* _Extracted records_:
════
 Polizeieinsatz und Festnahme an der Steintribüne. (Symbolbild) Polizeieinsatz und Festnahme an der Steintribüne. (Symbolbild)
════
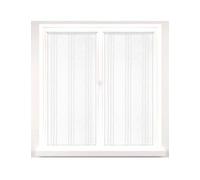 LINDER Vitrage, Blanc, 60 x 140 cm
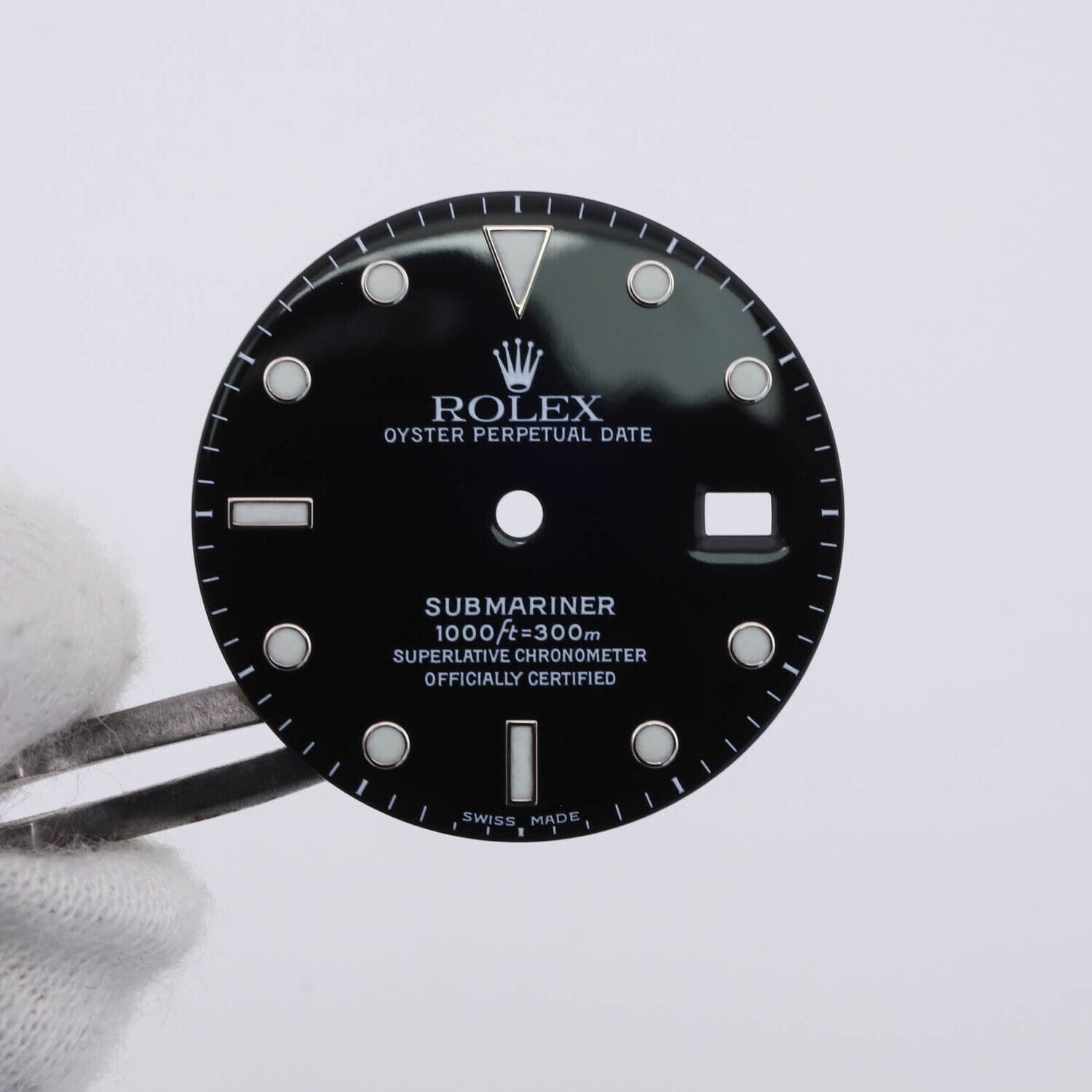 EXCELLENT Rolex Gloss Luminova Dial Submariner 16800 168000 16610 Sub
════
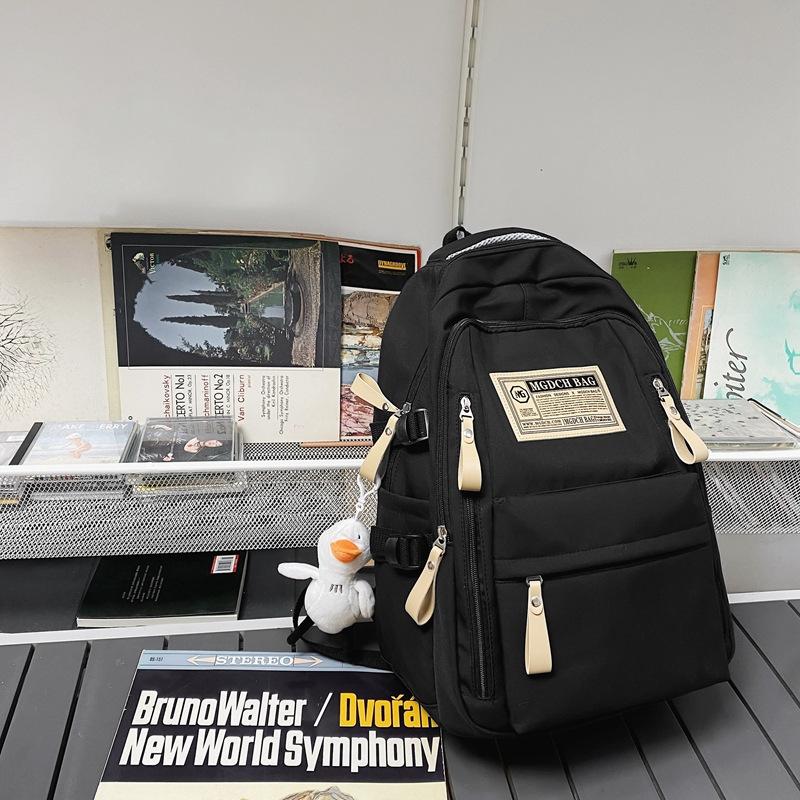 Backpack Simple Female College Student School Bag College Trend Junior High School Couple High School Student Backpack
════
* _Exercise brief_: In the records above, find the line with "LINDER Vitrage, Blanc, 60 x 140 cm" and the line with "EXCELLENT Rolex Gloss", then restate word for word only those two lines and all lines between, omitting pictures.

* _Exercise output_:
 LINDER Vitrage, Blanc, 60 x 140 cm
 EXCELLENT Rolex Gloss Luminova Dial Submariner 16800 168000 16610 Sub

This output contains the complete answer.